**Material provided:**
——————

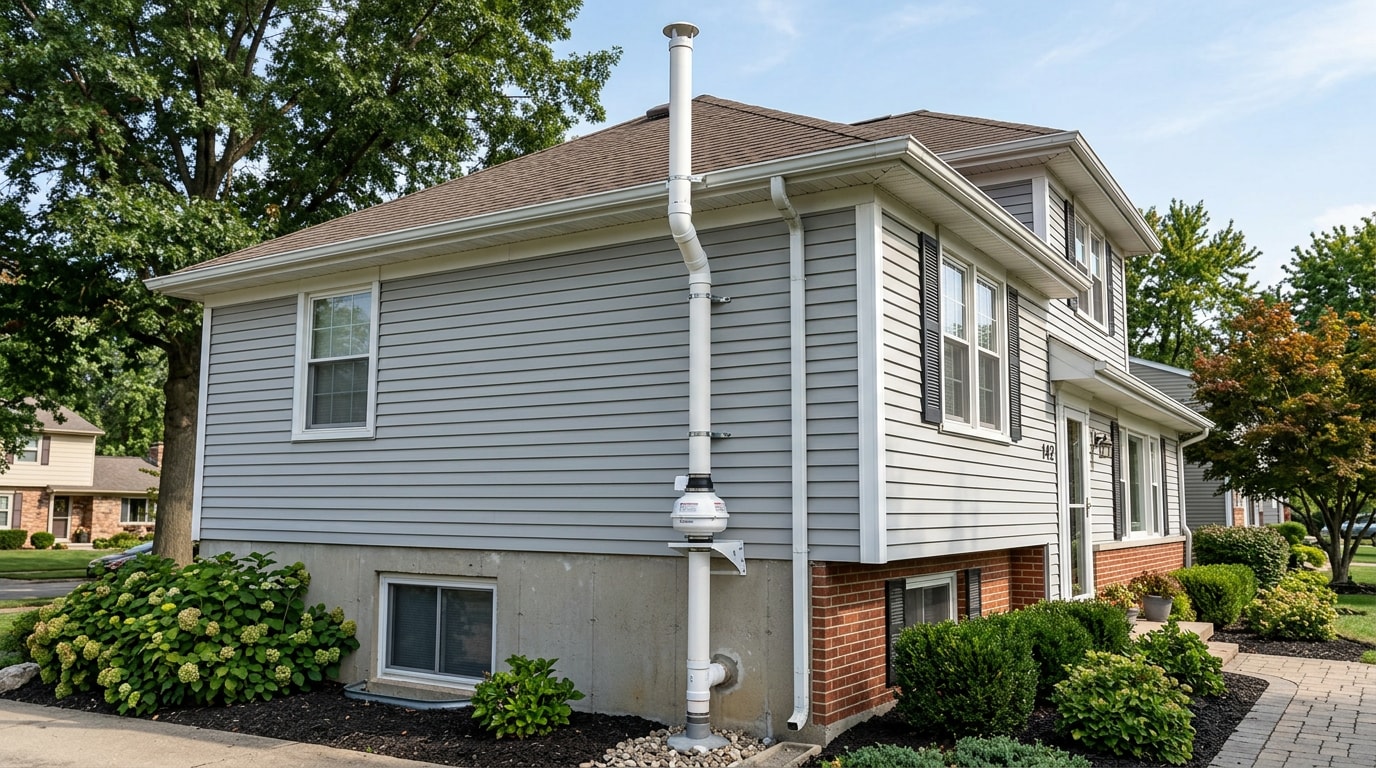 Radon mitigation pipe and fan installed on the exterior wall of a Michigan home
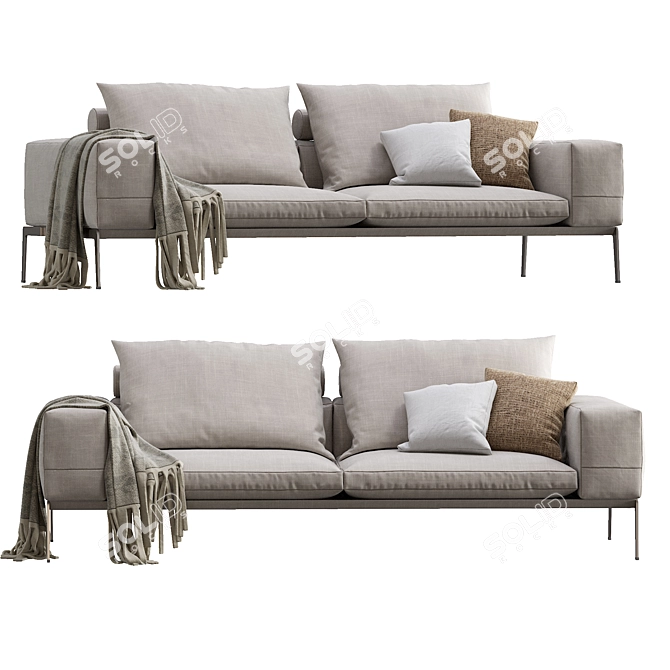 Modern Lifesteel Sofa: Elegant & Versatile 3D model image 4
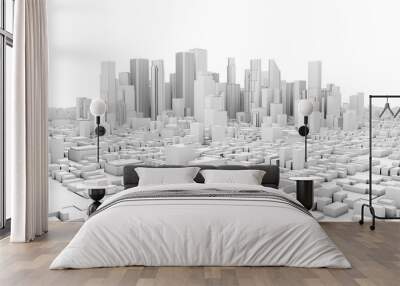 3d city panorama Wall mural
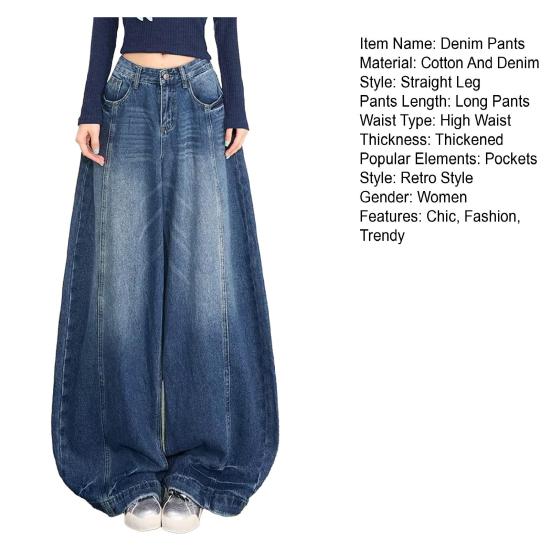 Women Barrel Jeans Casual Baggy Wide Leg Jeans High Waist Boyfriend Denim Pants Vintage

——————

**Activity:** Output, word for word, the full listing above, with no pictures.

**Answer box:**
 Radon mitigation pipe and fan installed on the exterior wall of a Michigan home
 Modern Lifesteel Sofa: Elegant & Versatile 3D model image 4
 3d city panorama Wall mural
 Women Barrel Jeans Casual Baggy Wide Leg Jeans High Waist Boyfriend Denim Pants Vintage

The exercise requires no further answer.